Virements sur différents types de bateaux
Virement de bord sur un multicoque
Les multicoques ont beaucoup de mal à virer à cause de la largeur de leur coque, de leur manque d'inertie et également de la différence de distance parcourue entre la coque intérieure au virage et celle extérieure. Pour faciliter le virement de bord, l'écoute de la voile d'avant peut être choquée plus tard : la voile gonflée à contre va alors contribuer à faire pivoter le voilier dans la bonne direction. Un manque à virer peut avoir des conséquences curieuses sur ce type de voilier. Lorsque celui-ci se retrouve bloqué face au vent, du fait de sa faible surface mouillée (surface de la coque immergée), il se met à culer (partir à reculons) à des vitesses qui peuvent atteindre plusieurs nœuds sur les multicoques de compétition. Les safrans peuvent souffrir de ce mode de navigation non orthodoxe.

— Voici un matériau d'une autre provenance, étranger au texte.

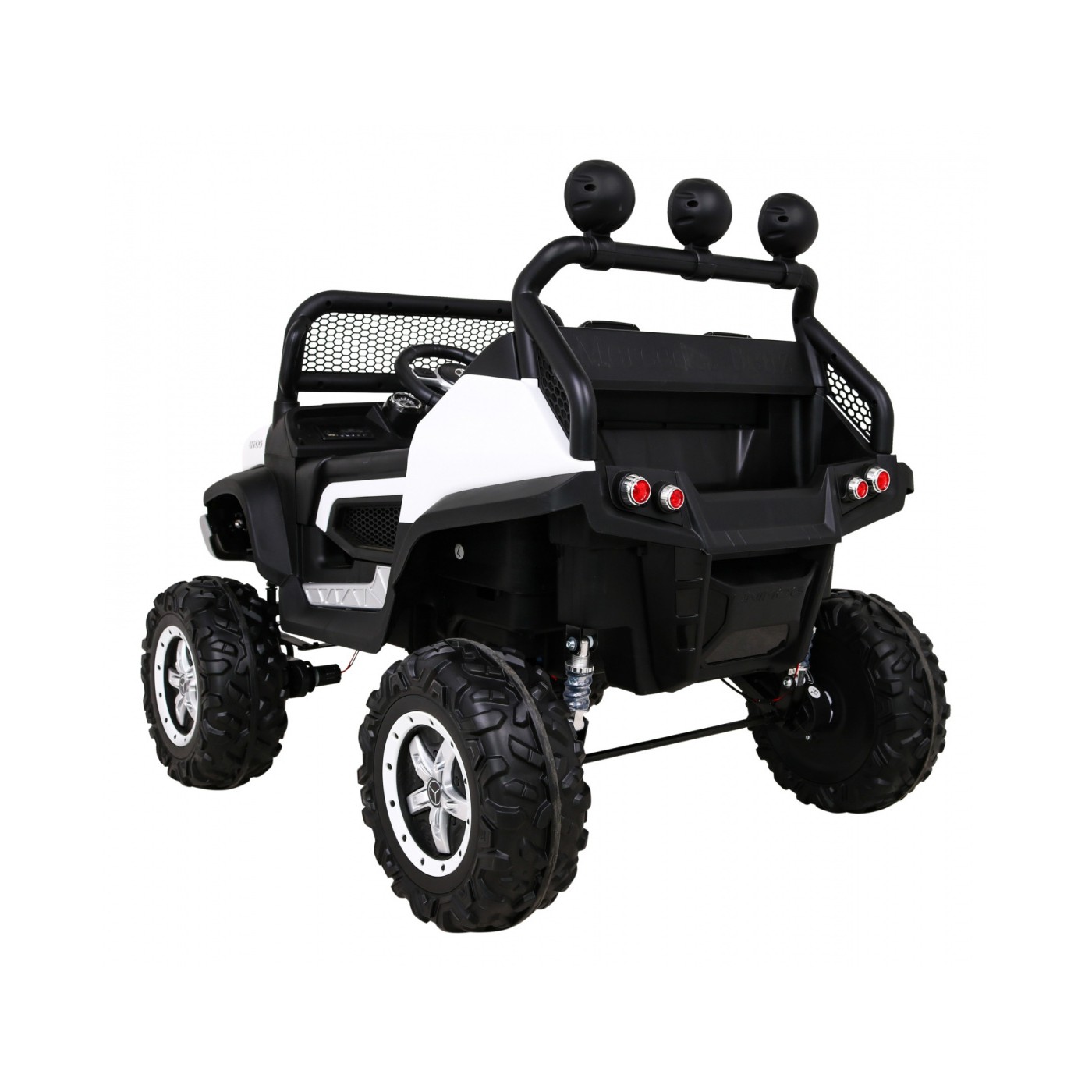 Mercedes Benz Unimog Děti Bílá Pohon 4x4 Dálkový Kufr Pomalý Start MP3 LED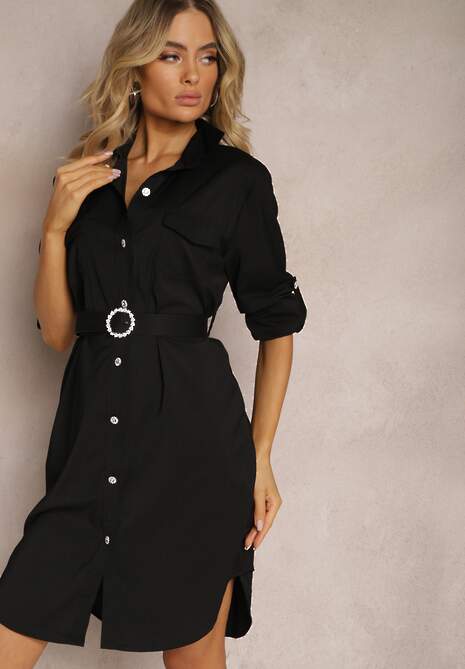 Czarna Koszulowa Sukienka Utility z Eleganckim Paskiem w Komplecie Miriams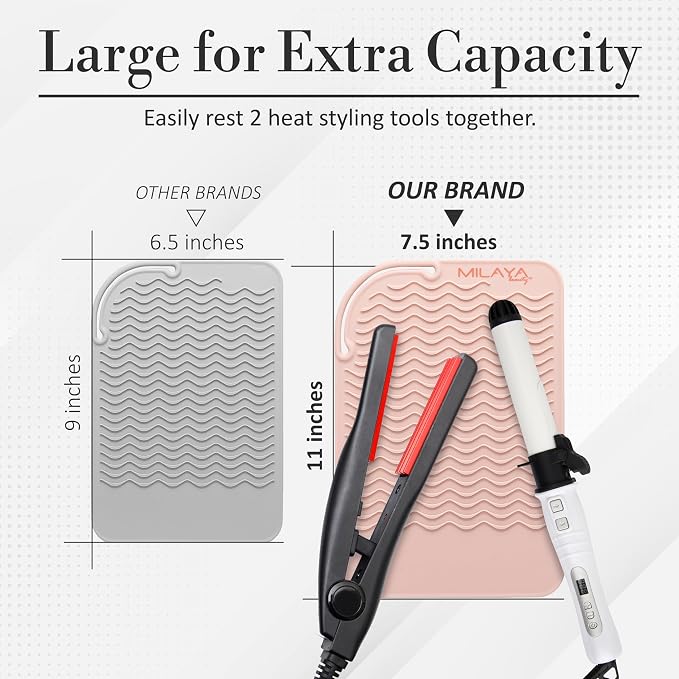 Vanity Accessories Heat Resistant Mat – Silicone Flat Iron & Curling Iron Holder - Image 3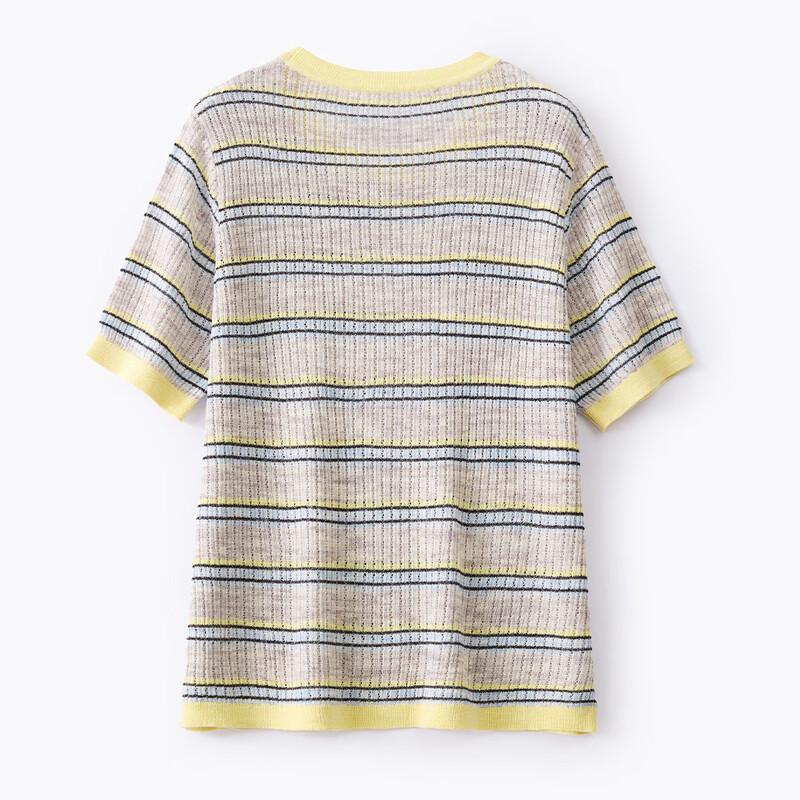 Women's Linen Blend Contrast Stripe Short Sleeve Knitted T-Shirt
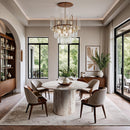  Color_Cream -- Genoa 48" Cream Marble Dining Table IMAGE 2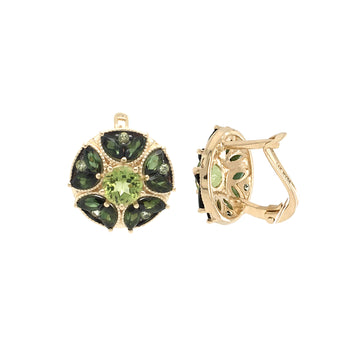Aretes de turmalina verde y peridoto - Eternity Diamonds anillos relojes aretes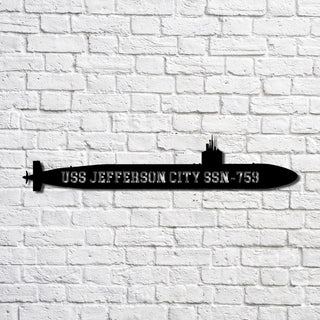 Uss Jefferson City Ssn759 Navy Ship Metal Art, Custom Us Navy Ship Cut Metal Sign, Gift For Navy Veteran, Navy Ships Silhouette Metal Art, Navy Home Decor Laser Cut Metal Signs Custom Gift Ideas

Sur les catamarans de sport légers (Hobie Cat , Dart, Nacra), quelques astuces permettent cependant de réussir le virement de bord de façon assez sûre : l'angle de barre doit être faible en début de manœuvre, puis plus accentué ensuite (pour éviter le décrochage hydrodynamique de la pale de safran et le coup de frein correspondant), l'équipage doit charger un peu l'arrière du bateau (pour éviter que les étraves ne « poussent de l'eau »). Le foc peut rester sur l'ancienne amure (foc « à contre ») et aider ainsi à la rotation du bateau. par contre la grand voile doit être choquée au moment du passage du lit du vent (sans quoi elle prend à contre et renvoie le bateau vent debout). Elle ne sera rebordée qu'une fois le bateau bien installé sur la nouvelle amure et le foc passé sur le nouveau bord. Lors de cette phase de relance il peut être utile de partir d'une allure un peu plus arrivée (le près « bon plein ») et de ne lofer que quand le bateau a repris sa vitesse.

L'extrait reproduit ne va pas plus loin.